Tuesday, March 12, 2024

Should Fix Climate

On Mastodon, Bookchin Bot, a bot that posts book quotes, circulated this quote:


 “The term ought is the stuff out of which ethics is usually made—with the difference that in my view the ‘ought’ is not a formal or arbitrary regulative credo but the product of reasoning, of an unfolding rational process elicited or derived eductively from the potentialities of humanity to develop, however falteringly, mature, self-conscious, free, and ecological communities.”
  —From Urbanization to Cities

I found this philisophical discussion of “ought” interesting. I learned philosophy from various people, some of whom seemed to grok its importance, and others who lamented its impotence, openly fretting it might have practical value only at cocktail parties.

As a computer professional who's pondered ethics a lot, I've come to see philosophy as what makes the difference between right and wrong answers or actions in tasks involving complex judgment. It can be subtle and elusive, but is nonetheless necessary.

I was Project Editor for the Common Lisp programming language, in effect holding the quill pen for reducing a number of technical decisions about the meaning and effect of the language that were voted by a committee in modular proposals but needed to be expressed in a coherent way. Nerd politics. They decided truth, and I had a free hand in presenting that truth in a palatable way, time and budget permitting. Programming languages are complicated, and implemented by multiple vendors. Some effects must happen, or must not. Others were more optional, and yet not unimportant, so we struggled as a group with the meaning we would assign to “should”.

Computer programs, you see, run slower, or cost more to run, if they are constantly cross-checking data. In real world terms, we might say it's more expensive to have programs that have a police force, or auditors, or other activities that look for things out of place that might cause problems. But without these cross-checks, bad data can slip in and get used without notice, leading to degraded effects, injustices, or catastrophes.

Briefly, a compiler is itself a program that reads a description of something you'd like to do and “compiles” it, making a runnable program, an app, let's say, that does what the description says.

“should”

A colleague criticized my use of “should” in early drafts of the language specification, the rules for how a compiler does its job. What is not an imperative has no meaning in such a document, I was told. It's like having a traffic law that says “you should stop for a red light”. You might as well say “but it's OK not to”, so don't say it all. And yet, I thought, people intend something by “should”. What do they intend that is stronger?

As designers of this language, we decided we'd let you say as you compile something that you do or don't want a safe program. In a “safe” world, things run a bit slower or more expensively, but avoid some bad things. Not all bad things. That's not possible. But enough that it's worth discussing whether the expense is a good one. Our kind of “safe” didn't mean safety from everything, but from some specific known problems that we could check for and avoid.
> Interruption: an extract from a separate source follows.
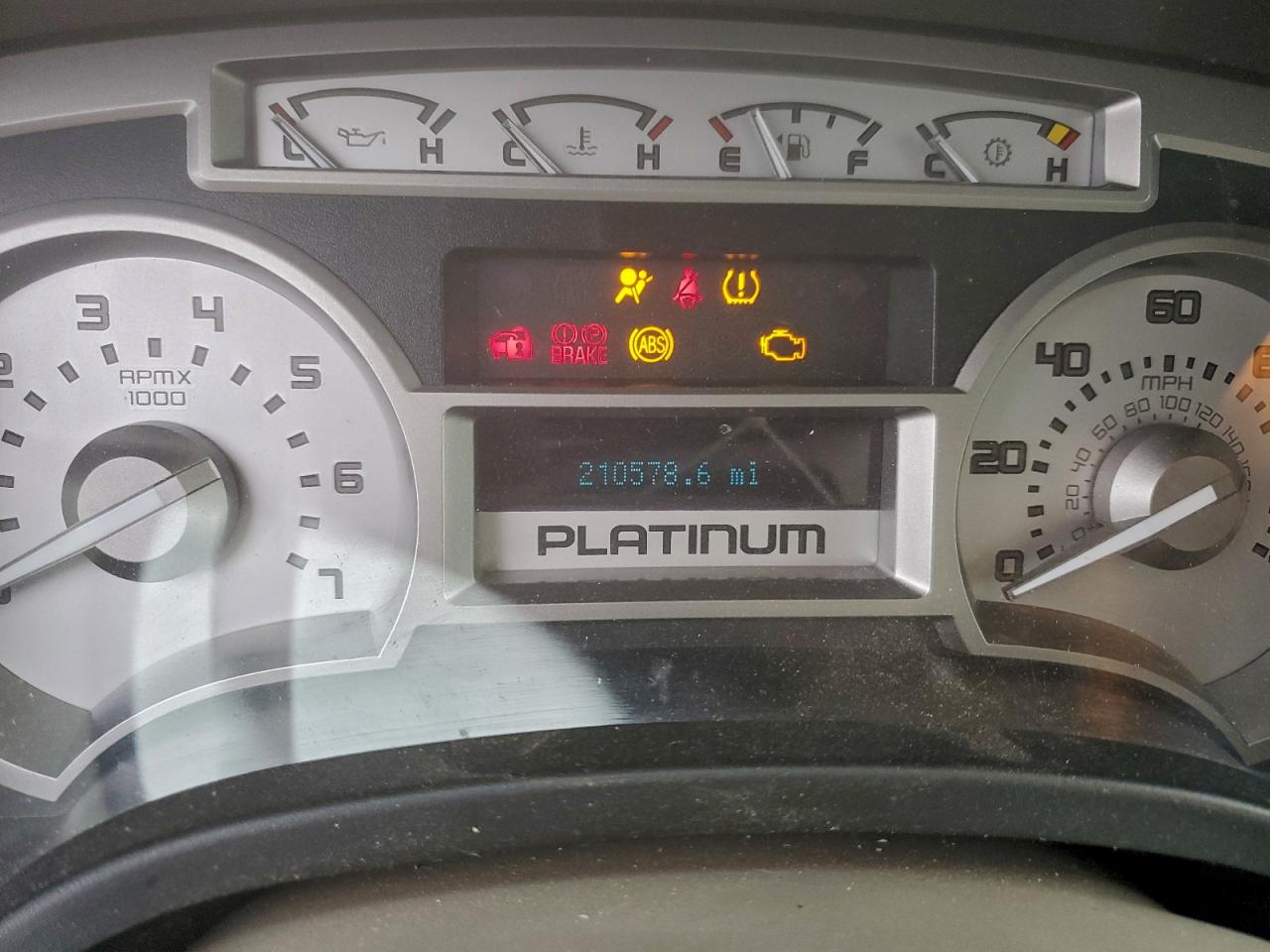 Ford F-150 Supercrew Image 9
And then we decided “should” was a term that spans two possible worlds. In a “safe” world, it means “must”. That is, if you're wanting to avoid a list of stupid and easily avoidable things, all uses of “should” need to be interpreted as “must” when creating safe applications, whereas in an unsafe world the “should” things can be ignored as optional.
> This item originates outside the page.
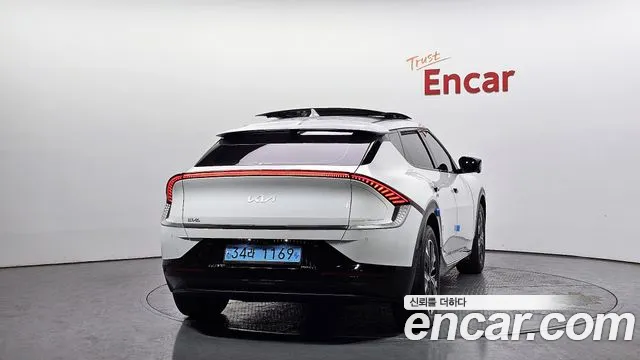 Kia EV6 2023 — фото 4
And so it comes down to what kind of world you want to live in.

Climate change, for example, presents us with problems where certain known, stupid, avoidable acts will put humanity at risk. We should not do these things if we want better certainty of survival, of having a habitable planet in which our kids can live happily or perhaps at all. Extinction is threatened if we don't do these things.
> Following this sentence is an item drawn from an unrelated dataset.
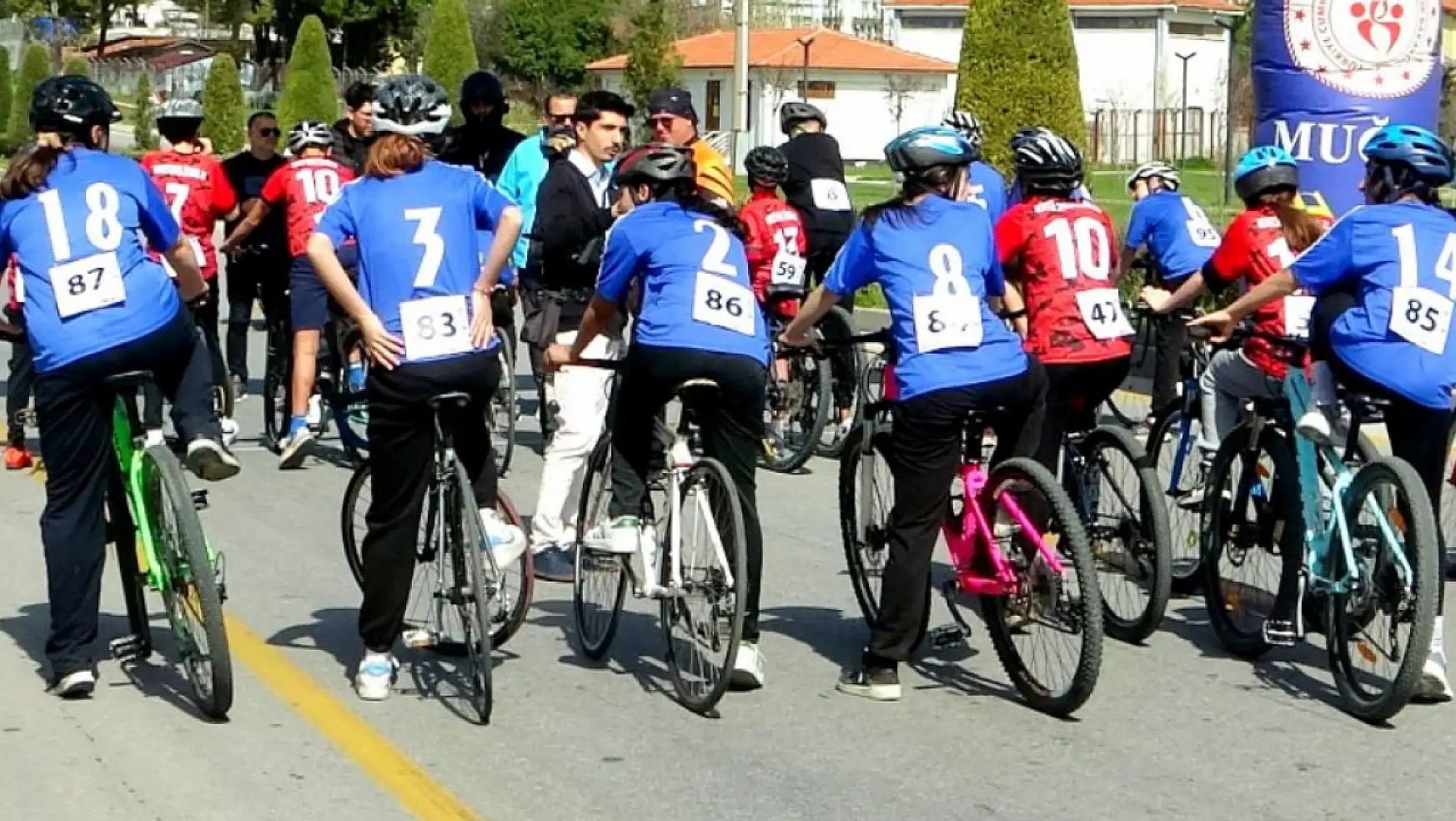 Okullar arası bisiklet yarışı gerçekleştirildi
But they are expensive, these actions. They take effort and resource to implement. We can do more things more cheaply without them, by being unsafe, until we are blind-sided by the effects of errors we are letting creep in, letting degrade our world, letting set us up for catastrophe.

So we face a choice of whether to live knowingly at risk of catastrophe, or do the costly investment that would allow us to live safely.

We “should” act in ways that will fix Climate.

But we only “must” if we want to sleep at night knowing we have done the things that make us and our children safe.

If we're OK with mounting pain and likely catastrophe one day , perhaps even soon, then we can ignore the “should”. The cost is that we have elected an “unsafe” world that could quickly end because we'd rather spend less money as we risk such collapse than avoid foreseeable, fixable problems that might soon kill us all.

That's how I hear “should”. I hope you find it useful. You really should.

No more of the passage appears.